Items from a data source:
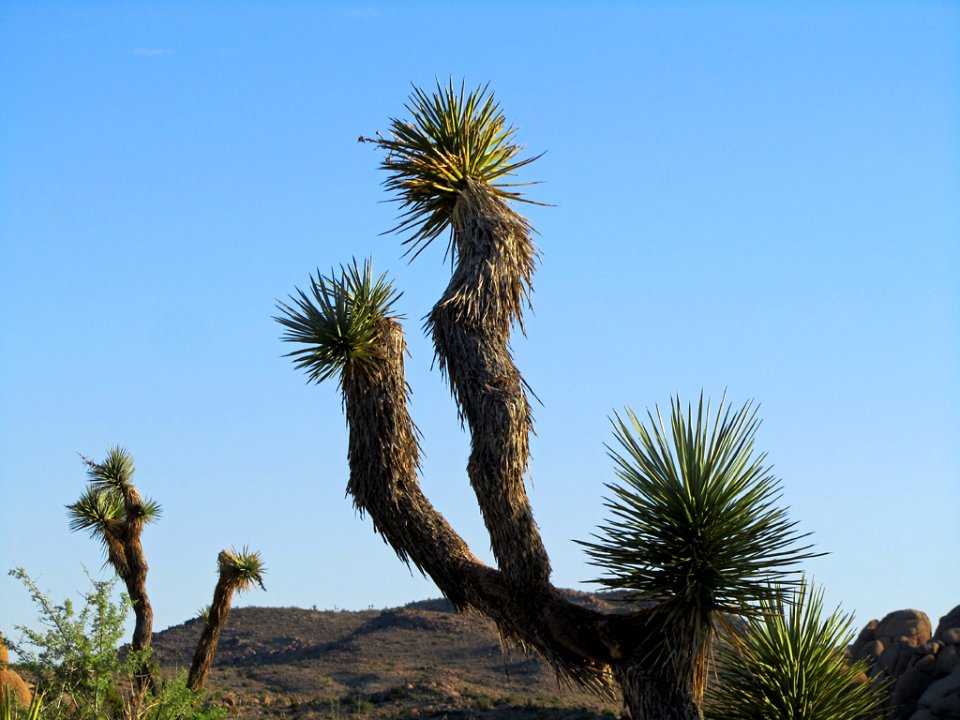 Joshua Tree NP in CA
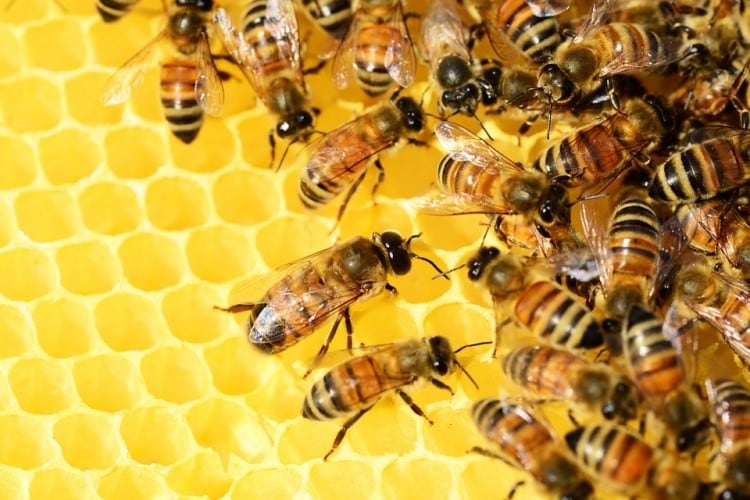Ukraine War set to impact UK honey sourcing and global prices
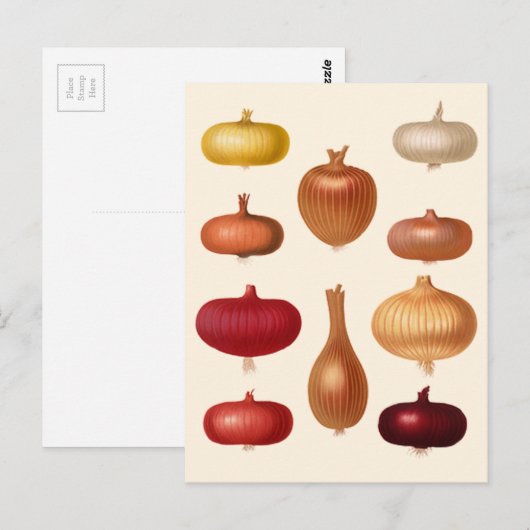 玉ねぎ ポストカード (正面/裏面)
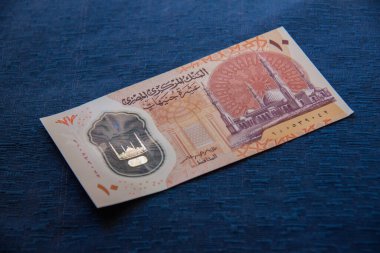 Egyptian polymer banknote, Egyptian 10 pounds, shot is selective focus with shallow depth of field. Taken at Cairo Egypt.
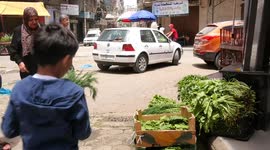 Palestinian child Mohammad Al-Kahlout, 6, sells leafy vegetables on World Day Against Child Labor at a popular market
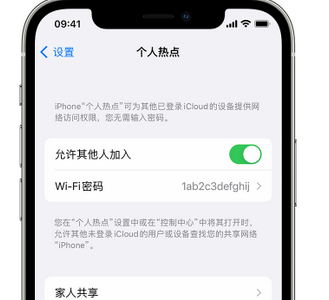 阳山apple服务站点分享iPhone上个人热点丢失了怎么办 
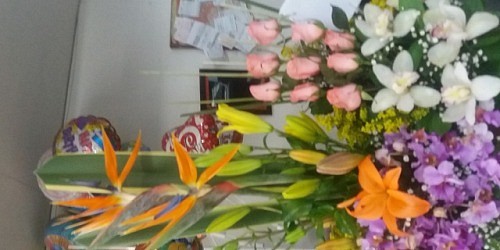 Matas y Flores Distribuidora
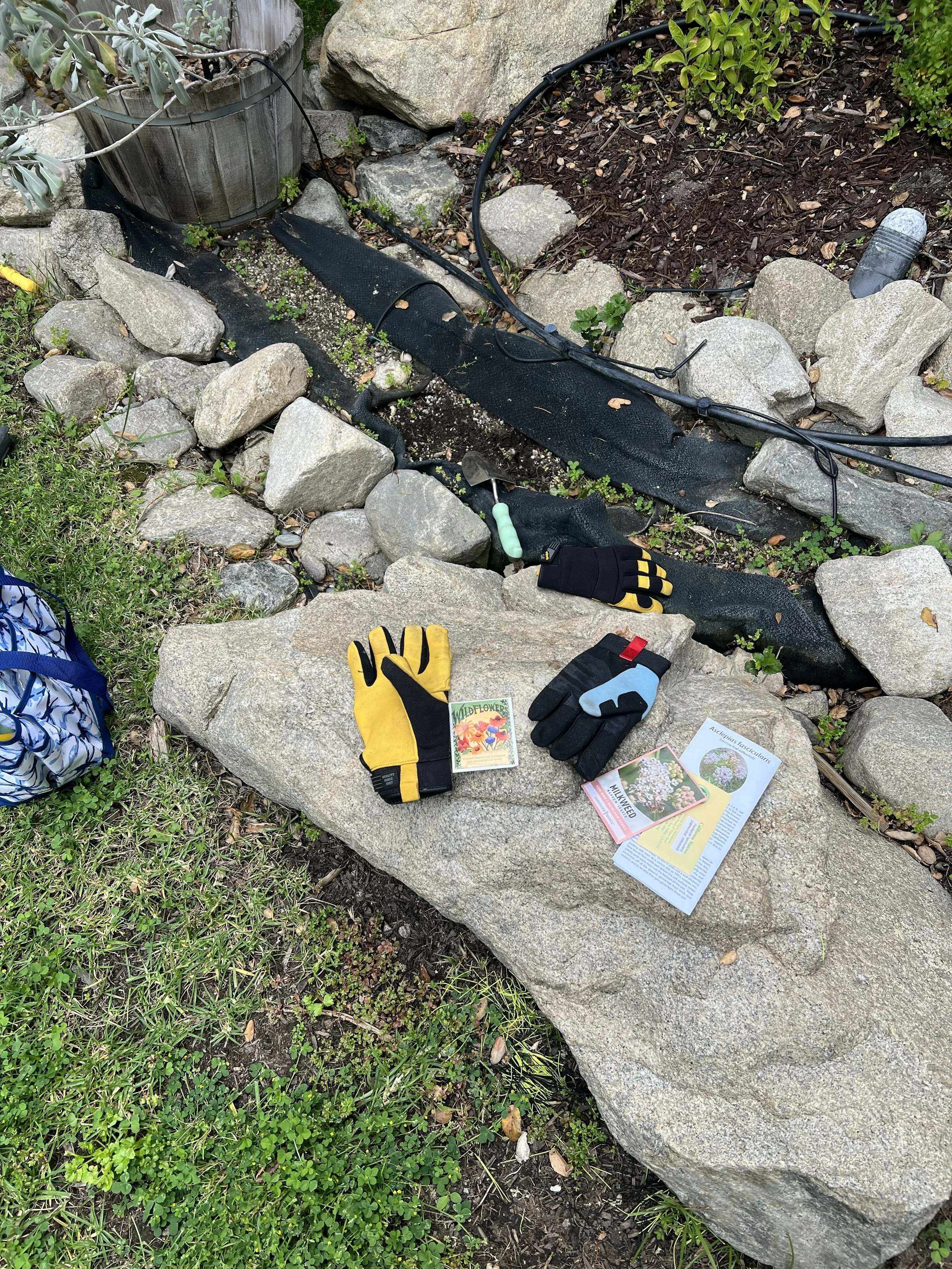 Home gardening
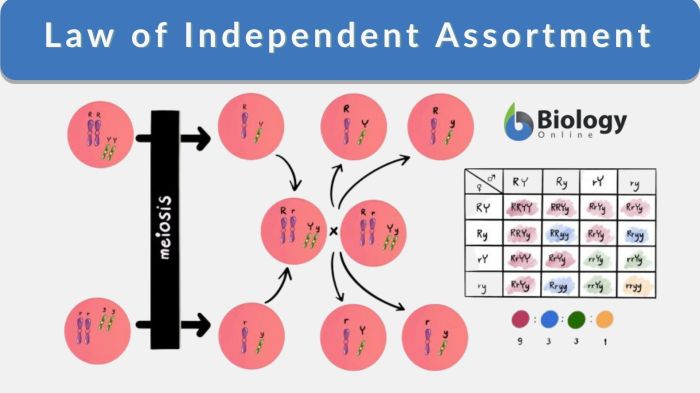 What is the law of independent assortment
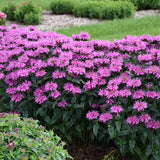 Lavender Taffeta monarda with purple blooms in pot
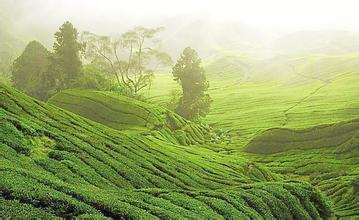 仔豬色氨酸研究新進展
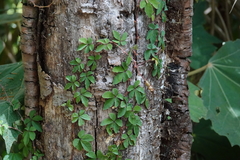 Tetrastigma obtectum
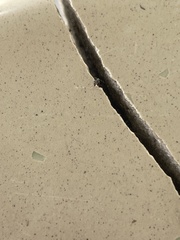 Pseudomyrmex oculatus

**Exercise aim:**
Could the data above be reproduced exactly, with the pictures left out?

**Answer to the problem:**
 Joshua Tree NP in CA
Ukraine War set to impact UK honey sourcing and global prices
 玉ねぎ ポストカード (正面/裏面)
 Egyptian polymer banknote, Egyptian 10 pounds, shot is selective focus with shallow depth of field. Taken at Cairo Egypt.
 Palestinian child Mohammad Al-Kahlout, 6, sells leafy vegetables on World Day Against Child Labor at a popular market
 阳山apple服务站点分享iPhone上个人热点丢失了怎么办 
 Matas y Flores Distribuidora
 Home gardening
 What is the law of independent assortment
 Lavender Taffeta monarda with purple blooms in pot
 仔豬色氨酸研究新進展
 Tetrastigma obtectum
 Pseudomyrmex oculatus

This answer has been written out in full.